In order to unify the packet type, the field of 'packet_type' in 'struct rte_mbuf'
needs to be extended from 16 to 32 bits. Accordingly, some fields in 'struct rte_mbuf'
are re-organized to support this change for Vector PMD. As 'struct rte_kni_mbuf' for
KNI should be right mapped to 'struct rte_mbuf', it should be modified accordingly.
In ixgbe PMD driver, corresponding changes are added for the mbuf changes, especially
the bit masks of packet type for 'ol_flags' are replaced by unified packet type.
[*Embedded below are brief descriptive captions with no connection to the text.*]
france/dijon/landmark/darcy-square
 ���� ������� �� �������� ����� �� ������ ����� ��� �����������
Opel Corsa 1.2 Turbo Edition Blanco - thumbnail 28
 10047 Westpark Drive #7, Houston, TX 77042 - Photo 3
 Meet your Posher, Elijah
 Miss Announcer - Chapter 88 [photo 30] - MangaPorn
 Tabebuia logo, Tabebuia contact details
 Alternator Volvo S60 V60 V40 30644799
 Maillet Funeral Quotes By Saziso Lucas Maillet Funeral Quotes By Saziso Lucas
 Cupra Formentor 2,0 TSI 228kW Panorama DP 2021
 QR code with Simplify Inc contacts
In
addition, more packet types (UDP, TCP and SCTP) are supported in vectorized ixgbe PMD.
To avoid breaking ABI compatibility, all the changes would be enabled by RTE_NEXT_ABI,
which is disabled by default.
Note that around 2% performance drop (64B) was observed of doing 4 ports (1 port per
82599 card) IO forwarding on the same SNB core.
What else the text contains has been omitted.